Stored data entries
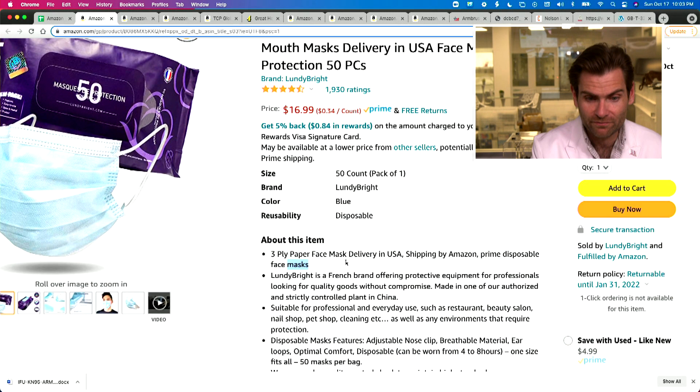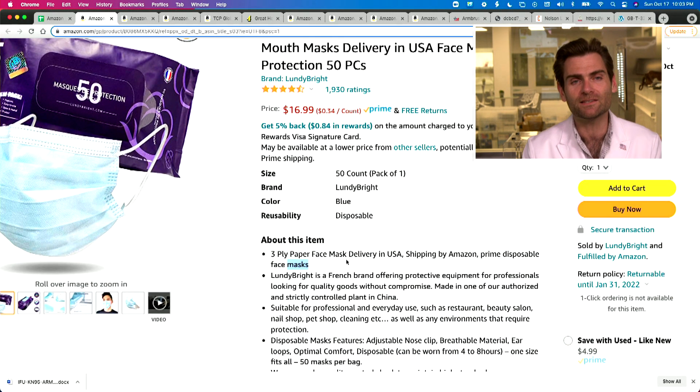Three-ply paper face mask — delivery in the U.S. I hate it when people think that these are made of paper. They're made of plastic, actually. This doesn't make any sense.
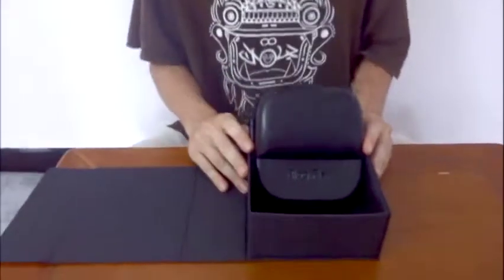Today I'm going to introduce you to the Blockfish G-Fire Bluetooth version 4 bone conduction headphones.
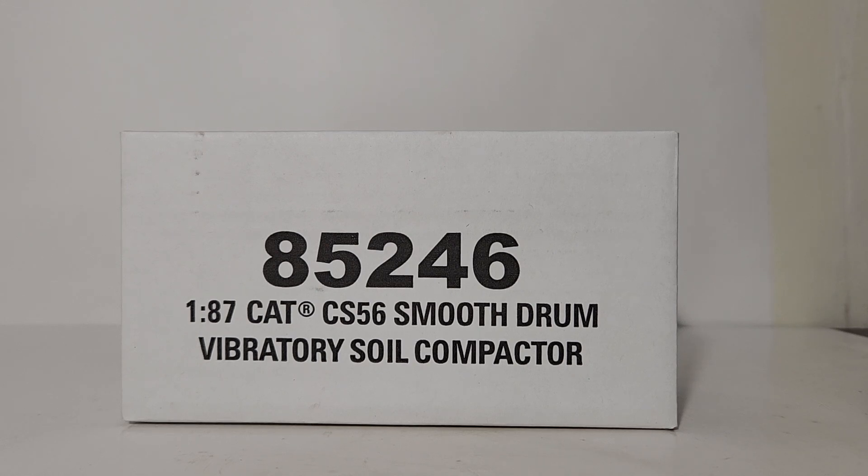Hello everyone and welcome to an all new edition of Diecast Emporium. In today's video we're going to be doing an in-depth unboxing and review of the 1:87 or HO scale Diecast Masters Highline Series Caterpillar CS56 Smooth Drum Vibratory Soil Compactor.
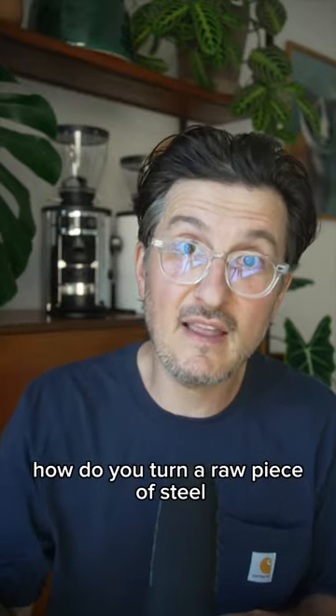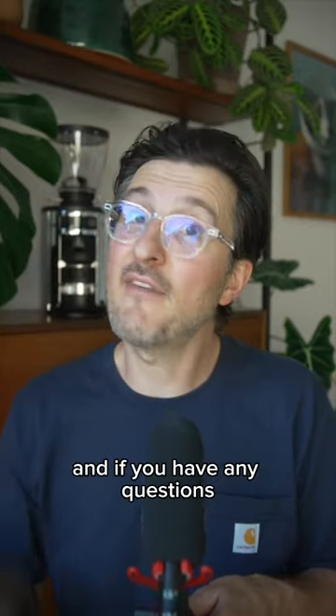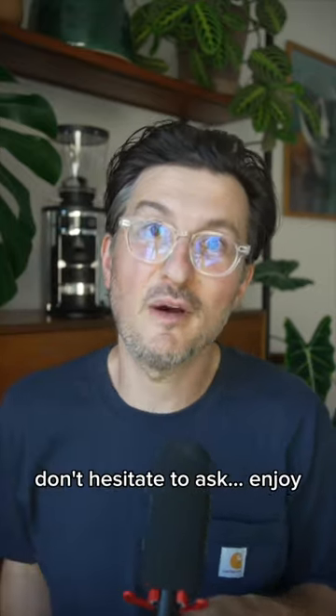How do you turn a raw piece of steel into an incredible work of art like this? Follow along for more, leave your comments below, and if you have any questions don't hesitate to ask. Enjoy!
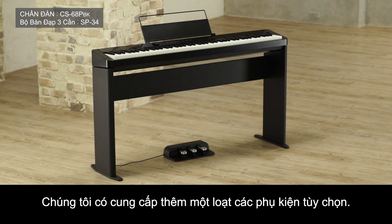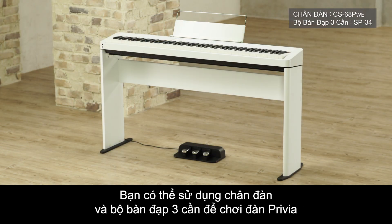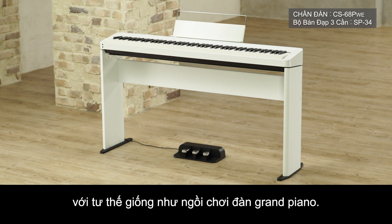We also offer a range of optional accessories. Use the stand and three-pedal unit to play your Privia with the same posture as sitting at a grand piano.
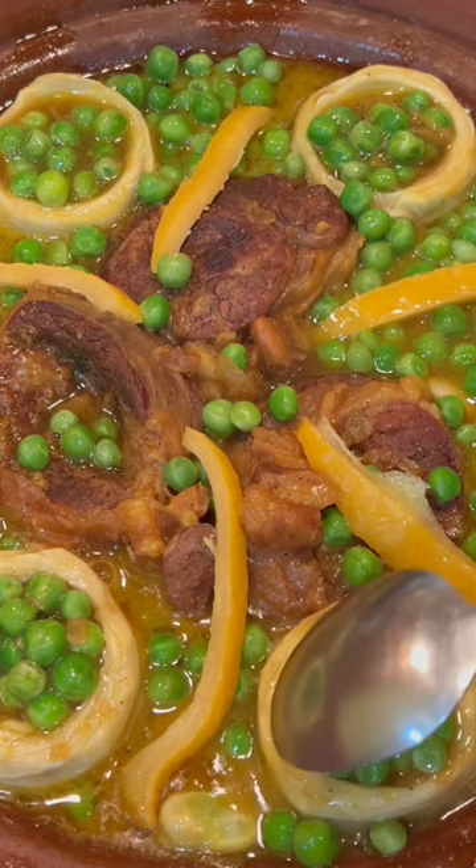On the top there are also some preserved lemons. We usually use preserved lemons in Moroccan cooking. I'll cover it now.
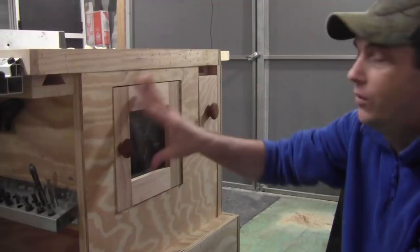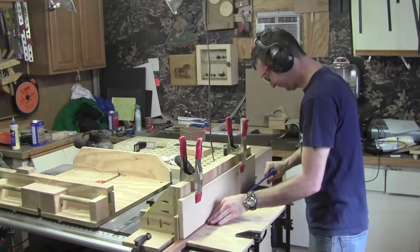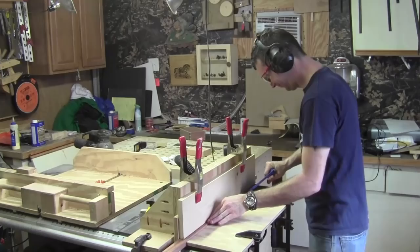I pre-assembled one of the boxes with some rubber bands to hold it in place. Over here I've built a router box for the router, going to make for some pretty details — an inset panel of spalted pecan that wraps up this project.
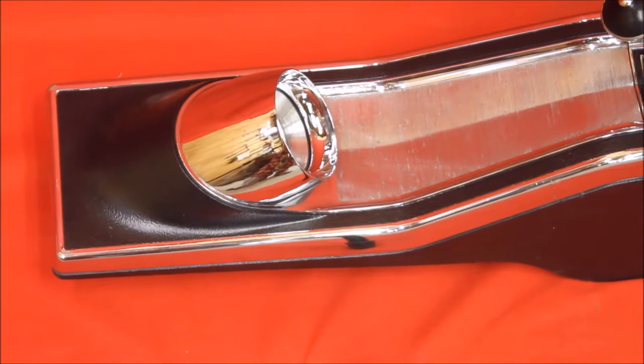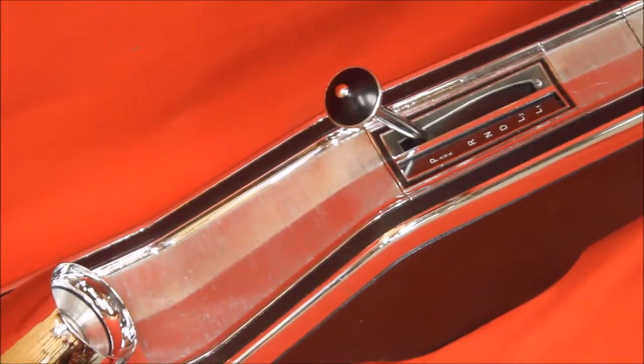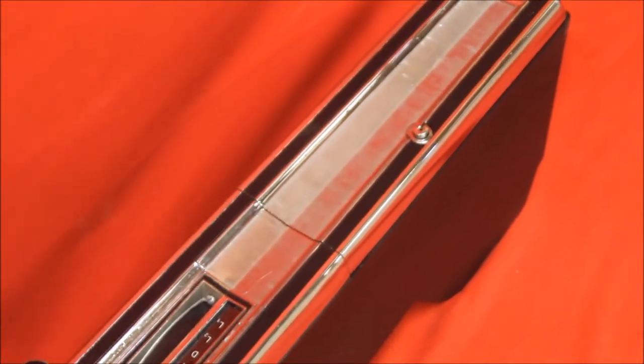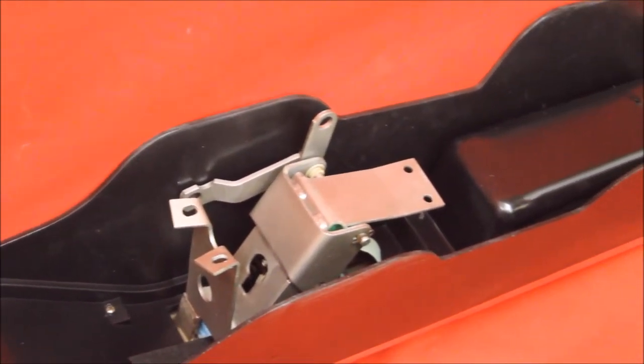I don't know if this thing's re-chromed — it kind of looks like it. I know it's been repainted, so very, very nice and clean. Very nice console. It does have some pitting, though, of course, here on each side, as you can see. That shifter's been rebuilt and reconditioned.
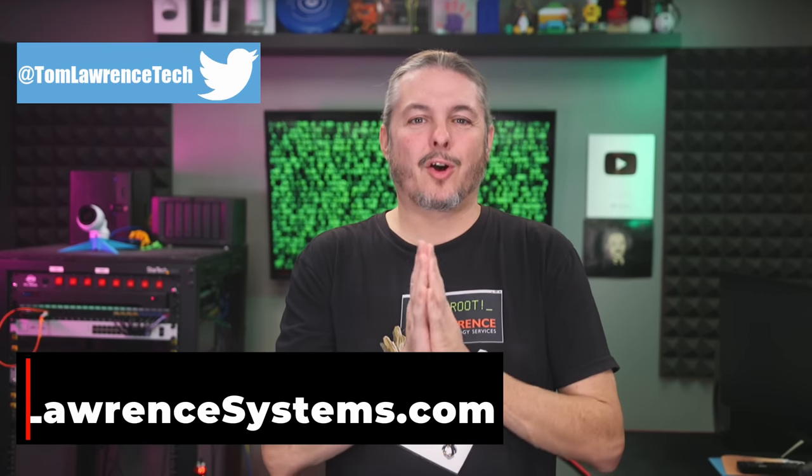As technology advances and latency compounds — eight milliseconds can turn into half a second when processes depend on each other — edge computing becomes more important. Hopefully you now know more about the types of UPS, how they work, and which one is a good fit for you. Thanks for your time, Jordan. Thank you, Tom.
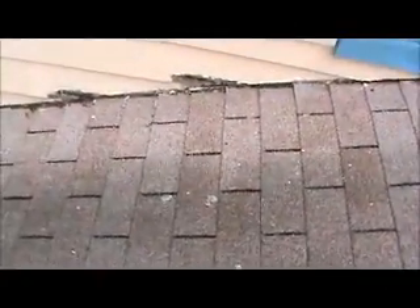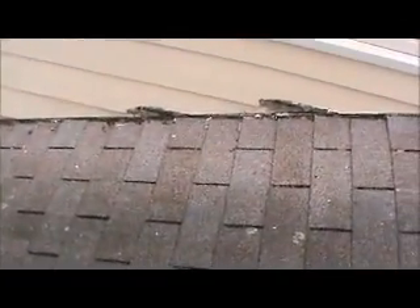This is above the garage here. And then behind, we've got some bad siding right here.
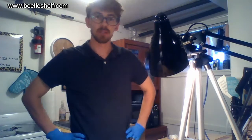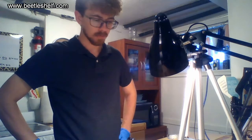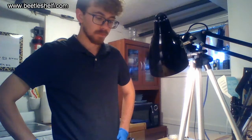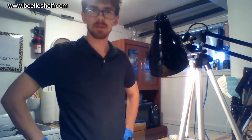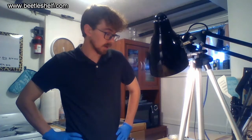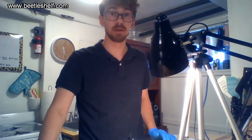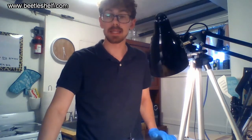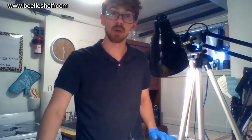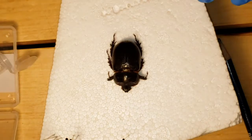Hey guys, welcome back to the Beetle Shelf. Today we got something a bit different set up. I don't normally pin insects because I like to see them alive, but today I got gifted these nice beetles, these nice specimens from my friend who was on a hike in southern Utah. We're going to show them off and pin them today. The specimens we have here are a male-female pair.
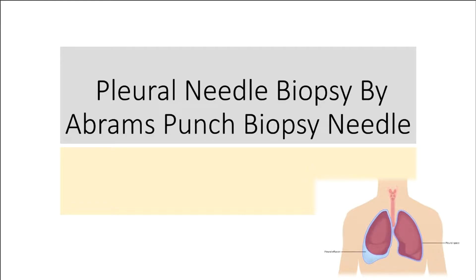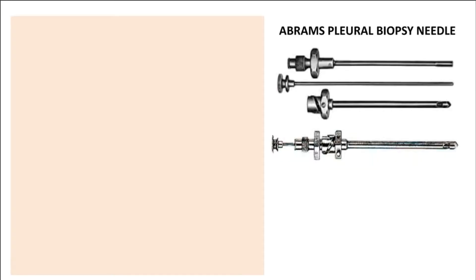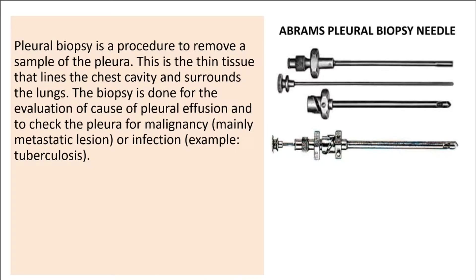Pleural Needle Biopsy by Abrams Punch Biopsy Needle, presented by Dr. Jalal Mohsen-Adeen, Assistant Professor, NIDCH, Moakali. Pleural Biopsy is a procedure to remove a sample of the pleura — the thin tissue that lines the chest cavity and surrounds the lungs.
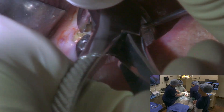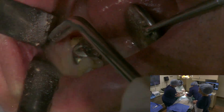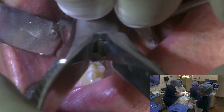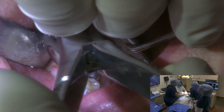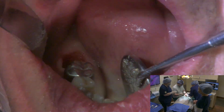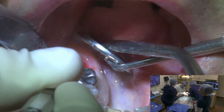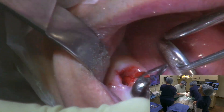This tooth is just fractured in a number of different pieces — there we go, beautiful. All right, wonderful. Praise the Lord. Let me have a curette please. Tooth is out — just as we expected.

• **ACTION ITEM**: Would you write out exactly the lines above, starting at the line containing "Today I'm going" and stopping after the line containing "This is above"? Omit the pictures.

• **OUTPUT OF THE TASK**:
Today I'm going to introduce you to the Blockfish G-Fire Bluetooth version 4 bone conduction headphones.
Hello everyone and welcome to an all new edition of Diecast Emporium. In today's video we're going to be doing an in-depth unboxing and review of the 1:87 or HO scale Diecast Masters Highline Series Caterpillar CS56 Smooth Drum Vibratory Soil Compactor.
How do you turn a raw piece of steel into an incredible work of art like this? Follow along for more, leave your comments below, and if you have any questions don't hesitate to ask. Enjoy!
We also offer a range of optional accessories. Use the stand and three-pedal unit to play your Privia with the same posture as sitting at a grand piano.
On the top there are also some preserved lemons. We usually use preserved lemons in Moroccan cooking. I'll cover it now.
I pre-assembled one of the boxes with some rubber bands to hold it in place. Over here I've built a router box for the router, going to make for some pretty details — an inset panel of spalted pecan that wraps up this project.
I don't know if this thing's re-chromed — it kind of looks like it. I know it's been repainted, so very, very nice and clean. Very nice console. It does have some pitting, though, of course, here on each side, as you can see. That shifter's been rebuilt and reconditioned.
As technology advances and latency compounds — eight milliseconds can turn into half a second when processes depend on each other — edge computing becomes more important. Hopefully you now know more about the types of UPS, how they work, and which one is a good fit for you. Thanks for your time, Jordan. Thank you, Tom.
This is above the garage here. And then behind, we've got some bad siding right here.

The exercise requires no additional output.